This is how Luxembourg will legalise recreational cannabis

26th November 2021

Earlier this year, Luxembourg’s government that the country would become the first in Europe to legalise the recreational use and possession of cannabis. New details of what the country’s new legal cannabis industry will look like.

According to a draft bill, adults will be able to purchase cannabis seeds from shops around the country. The government is also not planning to limit the number of cannabis seeds that an individual can acquire and possess, nor to provide for THC level thresholds in the seeds.
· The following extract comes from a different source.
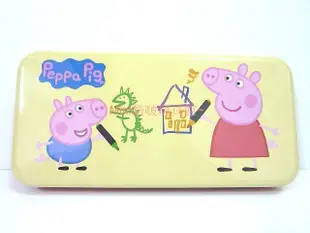 Mini酷啵玩具館~Peppa Pig 粉紅豬-佩佩豬-佩奇-喬治-超大雙層鐵筆盒/鉛筆盒/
When it comes to personal consumption, it has already been reported that a household will be allowed to have up to four plants – all of them to be grown from seeds purchased in one of the future stores or online.

The government is emphasising that it’s four plants per household and not four plants per person.

It is also really important that while an adult will be able to grow their plants inside and outside of their home (balcony, terrace, garden, etc), the ban on consumption in public won’t be overruled. Furthermore, selling cannabis remains prohibited as well.

Meanwhile, Luxembourg is planning to change their law and impose a much lighter guideline for handling cannabis offences in the future. For example, the fine for the consumption, possessing, and/or transportation of three grams or less of cannabis in public will be a fraction of the current amounts now in place.

Rather than handing out a ticket for between €251 and €2500, the fine for a cannabis offence will be between €25 and €500.

It is important though that above the three-gram threshold, the offender is considered a drug dealer.

Also, the zero-tolerance policy behind the wheel will not be changed – the penal sanctions for a road traffic offence will be between the imprisonment of eight days and three years, and also a fine of up to €10,000.

When it announced its new policy regarding recreational cannabis use, Luxembourg’s government revealed that the changes were due to the failure of prohibition in curbing the use, production, and supply of cannabis.

Possession and use of the drug were decriminalised back in 2001, and medical cannabis has been relatively accessible for many citizens since its legalisation in 2018.